Partiendo del marco interpretativo que proporcionan las investigaciones realizadas desde los estudios feministas y de género (Ana DE MIGUEL, 2008), y en la línea de desarrollar teorías complejas y multivariadas, que, además del patriarcado, incluyeran otros elementos explicativos, hemos propuesto un modelo explicativo cuya presentación constituye el objetivo de este trabajo. Este modelo, al que hemos denominado Modelo Piramidal, ha ido surgiendo a partir de nuestras revisiones de la literatura científica y de las investigaciones previas sobre la cuestión, pero también del contacto directo con mujeres que han padecido esta forma de violencia, y de los resultados de nuestras propias investigaciones (BOSCH; FERRER, 2002; BOSCH; FERRER; Virginia FERREIRO; Capilla NAVARRO, 2013; BOSCH; FERRER; E. GARCÍA; María Carmen RAMIS; C. MAS; NAVARRO; Gema TORRENS, 2008). Como fruto de la reflexión sobre la información aportada por todas estas fuentes, generamos una propuesta de modelo hermenéutico - heurístico que consideramos teóricamente plausible para explicar la violencia contra las mujeres en general, y en la pareja en particular, y en el que, además, encajan los resultados de las investigaciones sobre la cuestión que van conociéndose. Dicho modelo pretende ser sencillo (que no simple), y, a la vez, aplicable a la violencia contra las mujeres en sus diferentes formas, y está centrado en factores explicativos clave, que ordena y jerarquiza. Al tiempo, trata, además, de profundizar en los mecanismos que diferencian a agresores de no agresores.

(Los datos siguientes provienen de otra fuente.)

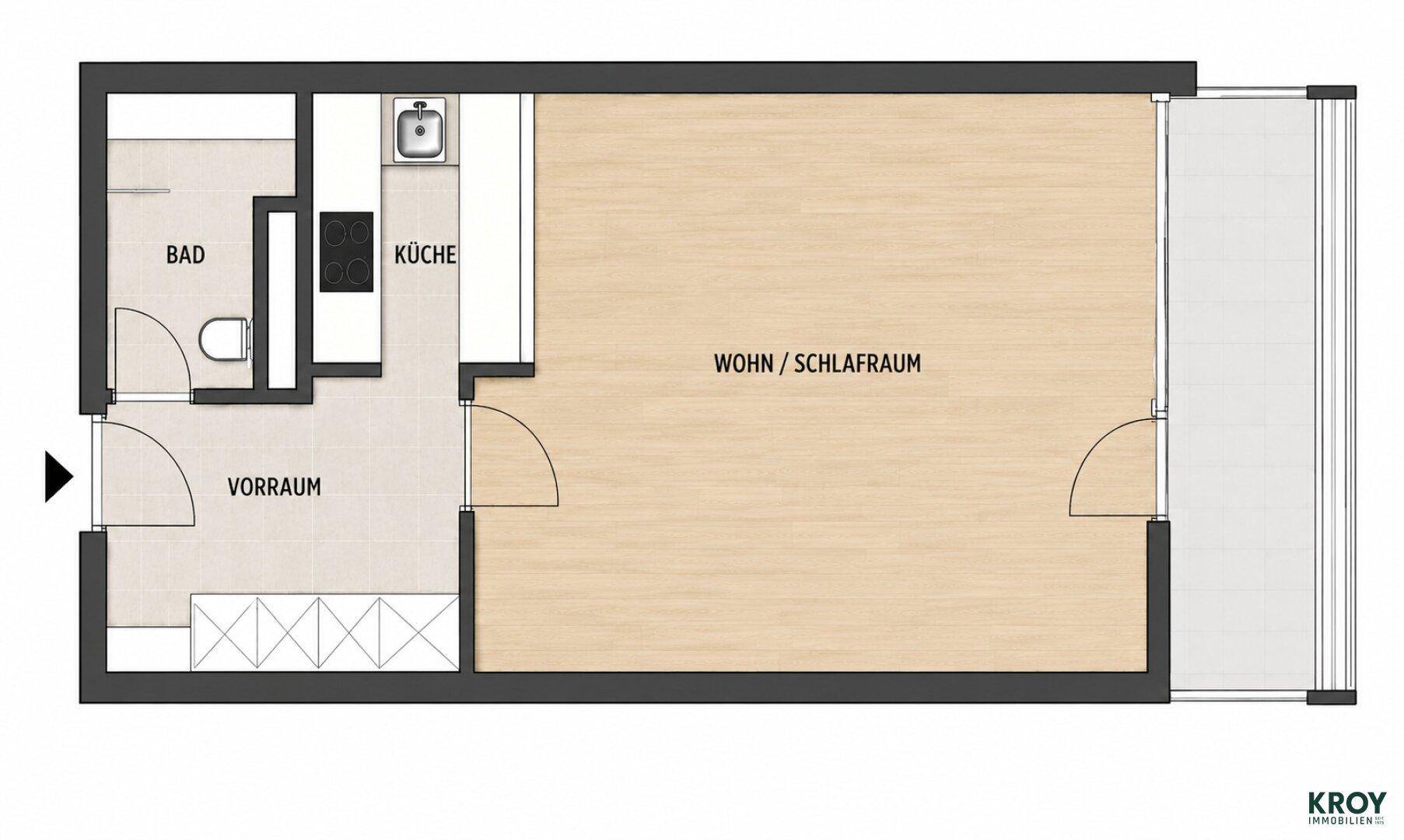Grundriss einer Wohnung mit Wohn-/Schlafbereich, Küche, Bad und Vorraum.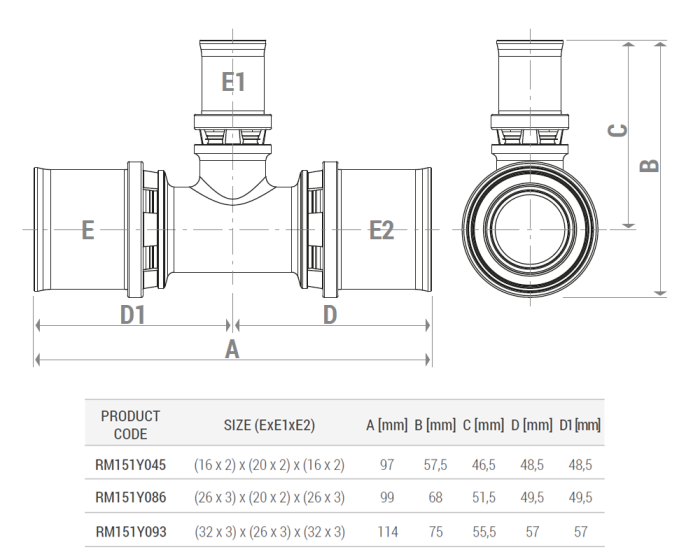 Teu redus presare multipla Giacomini RM151Y093, 32x3 x 26x3 x 32x3 mm, fiting pentru teava multistrat, 10 bar, 110°C, alama [2]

Cabe puntualizar, sin embargo, que, a pesar de su vocación de aplicabilidad a todas las formas de violencia y a los diferentes contextos (geográficos y sociales), ha sido desarrollado en un entorno europeo y tomando como referencia central la violencia contra las mujeres en la pareja, si bien en su formulación se tuvieron en consideración estudios de muy diversa procedencia (HEISE; Claudia GARCÍA-MORENO, 2003; ONU, 2006).
El modelo piramidal: La escalada hacia la violencia
El modelo que se propone tiene una estructura piramidal (cuya representación gráfica se presenta en la Figura 1) y consta de cinco escalones. Cuatro de ellos constituyen los mecanismos explicativos de la violencia (sustrato patriarcal, procesos de socialización, expectativas de control, y eventos desencadenantes); y el quinto sería, propiamente, el estallido de la violencia contra las mujeres, en cualquiera de sus diferentes formas.
Nota: Imagen elaborada por Virginia Ferreiro Basurto, técnica del grupo de investigación Estudios de Género de la UIB
Primer escalón. El sustrato patriarcal
El Modelo Piramidal propone que la ideología patriarcal constituiría el primer nivel, el sustrato sobre el que se asentaría y desarrollaría la violencia contra las mujeres. Esta ideología tendría como componentes básicos los siguientes:
El sexismo (actitud hacia una persona por el hecho de que ésta sea hombre o mujer), que puede adoptar diversas formas, desde la misoginia, como máxima expresión del sexismo hostil, hasta el sexismo benévolo, moderno, o neosexismo.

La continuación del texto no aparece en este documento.